Yet perhaps I was not so silly to have thought this. In retrospect, I believe what my fellow students and I were accommodating ourselves to was the manner in which this theory (of empowerment) was being taught. It had an aura of ‘Truth’ about it: for if the stated commitment to social justice was key value of my degree programme in social work, then empowerment was the means through which we would achieve this. There was little room for anything but the most tepid critique of anything or anyone who might question this; empowerment was the frame of reference against which other theories were discussed and critiqued in our discussions (not to mention how the final term paper was to be assessed). While this realisation was profoundly deflating, I suspect it was/is not entirely uncommon. Foucault, for example, often spoke of the stranglehold that Marxism held in French universities during the early years of his academic career (e.g. Foucault, 1980, pp. 78–108). Similarly, the rigid imposition of poststructuralism and deconstruction in English Literature departments during the 1990s has been recounted by many former students, and indeed some former advocates (e.g. Norris, 1996). My point is that the uptake, presence, or popularity of a ‘Theory’ is often about the unspoken exercise of power: whether this takes the form of setting the framework and assessment criteria by which utterances and writings will be evaluated within an educational setting, as in my example above; or the pressures felt by postgraduate students and early-career scholars to pay homage to certain names and ideas in order to gain entry into the world of publications; or simply in the subtle, hard-to-grasp ways in which some people are seen to be ‘with it’ and others not.

These are just some reasons why, when it comes to Theory, I have come to realise the importance of asking: Why is this theory or idea influential for this very place and time? This means reflecting on what is going on in society and culture, as well as within the institutional contexts that we find ourselves in (whether inside or outside the academy). In other words, it is about coming to terms with how we have come to decide on this or that Theory over others and to be honest about why.

Using (other people’s) Ideas

Social theory, most broadly conceived, ‘refers to ideas, arguments, hypotheses, thought-experiments and explanatory speculations about how and why human societies – or elements or structures of such societies – come to be formed, change, and develop over time or disappear’ (Harrington, 2011).
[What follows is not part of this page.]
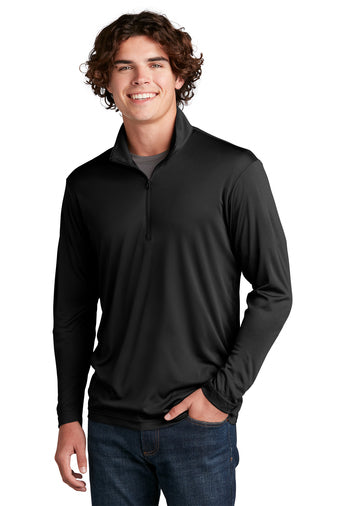 Sport-Tek® PosiCharge™ Competitor 1/4-Zip Pullover (ST357)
Jean Anyon (2009) offers a similar definition of couched in a helpful metaphor. Social theory, according to her, is ‘an architecture of ideas – a coherent structure of interrelated concepts whose contemplation and application (1) help us to understand and explain discursive and social phenomena and (2) provides a model of the way that discourse and social systems work and can be worked upon’ (Anyon, 2009, p. 3). As the above two stories illustrate, social theories have the capacity to name, clarify, obscure, reframe, orient, excite, soothe, agitate, inspire, and affect our senses of ourselves in the world. Consequently—to extend Anyon’s architectural metaphor—they are also invitations to inhabit and act in the world differently to how we had hitherto. That social theories can enable different ways of knowing, being, and doing animate the stories that will be told by the various authors in this book, stories that situate themselves within that very particular province of the world called ‘higher education’ and the types of work that go on there—specifically, teaching and research. While differing from one another in the way they have come to use social theory, not to mention in their theoretical proclivities, all the accounts contained in this book orbit around the questions: What does social theory enable that would otherwise not be possible or at least not possible in the same way? Conversely, what are the limits of social theory? What, in other words, is the use of such an ‘architecture of ideas’—other people’s architectures, no less—in relation to the work of teaching and research that we do in higher education, day in, day out?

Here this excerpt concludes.